Task details = Print the lines in the listing below starting at the line with "Al Barakat Street" and ending at the line with "korean blazer shorts", both included. Reproduce them exactly and omit every picture.

Supplied records =
########

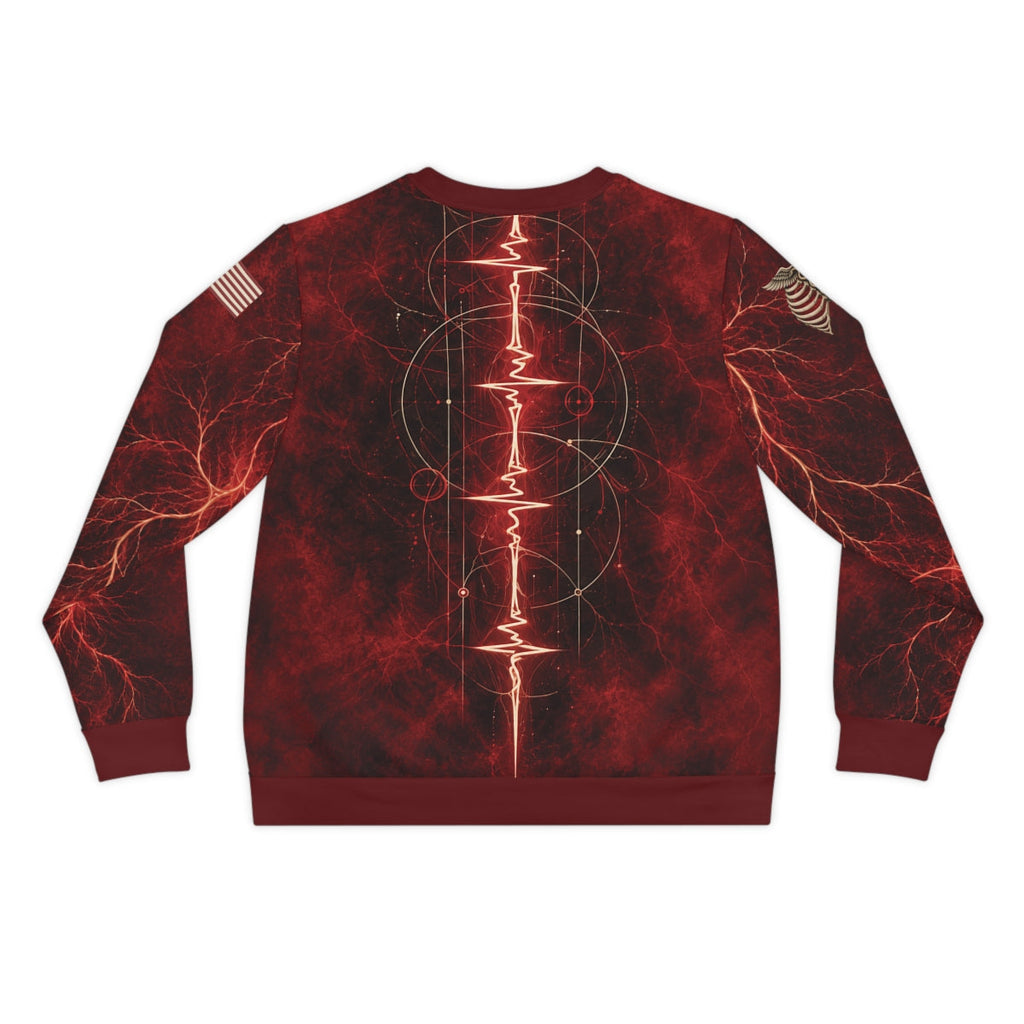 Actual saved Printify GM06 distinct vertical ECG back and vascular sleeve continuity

########

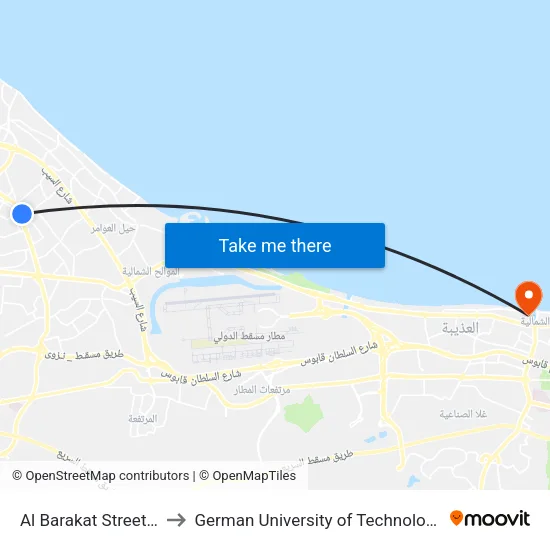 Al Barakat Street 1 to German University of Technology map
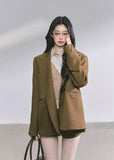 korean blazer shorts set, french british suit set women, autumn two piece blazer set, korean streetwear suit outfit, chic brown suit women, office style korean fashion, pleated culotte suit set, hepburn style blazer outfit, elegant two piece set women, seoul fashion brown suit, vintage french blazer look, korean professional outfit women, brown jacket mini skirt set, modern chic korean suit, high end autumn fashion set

########

Result of the task =
 Al Barakat Street 1 to German University of Technology map
 korean blazer shorts set, french british suit set women, autumn two piece blazer set, korean streetwear suit outfit, chic brown suit women, office style korean fashion, pleated culotte suit set, hepburn style blazer outfit, elegant two piece set women, seoul fashion brown suit, vintage french blazer look, korean professional outfit women, brown jacket mini skirt set, modern chic korean suit, high end autumn fashion set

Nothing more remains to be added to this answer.